Instructions to follow. Output all of the listing below, leaving every line unchanged.

Dataset extract.
####

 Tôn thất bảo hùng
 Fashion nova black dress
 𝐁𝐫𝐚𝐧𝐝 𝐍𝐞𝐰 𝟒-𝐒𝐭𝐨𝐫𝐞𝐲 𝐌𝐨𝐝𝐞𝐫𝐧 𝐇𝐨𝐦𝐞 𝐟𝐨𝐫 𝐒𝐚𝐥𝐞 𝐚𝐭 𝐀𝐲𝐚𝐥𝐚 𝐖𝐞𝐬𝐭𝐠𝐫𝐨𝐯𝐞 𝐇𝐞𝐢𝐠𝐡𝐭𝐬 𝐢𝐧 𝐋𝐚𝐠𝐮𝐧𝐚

####

Solution for this task.
 Tôn thất bảo hùng
 Fashion nova black dress
 𝐁𝐫𝐚𝐧𝐝 𝐍𝐞𝐰 𝟒-𝐒𝐭𝐨𝐫𝐞𝐲 𝐌𝐨𝐝𝐞𝐫𝐧 𝐇𝐨𝐦𝐞 𝐟𝐨𝐫 𝐒𝐚𝐥𝐞 𝐚𝐭 𝐀𝐲𝐚𝐥𝐚 𝐖𝐞𝐬𝐭𝐠𝐫𝐨𝐯𝐞 𝐇𝐞𝐢𝐠𝐡𝐭𝐬 𝐢𝐧 𝐋𝐚𝐠𝐮𝐧𝐚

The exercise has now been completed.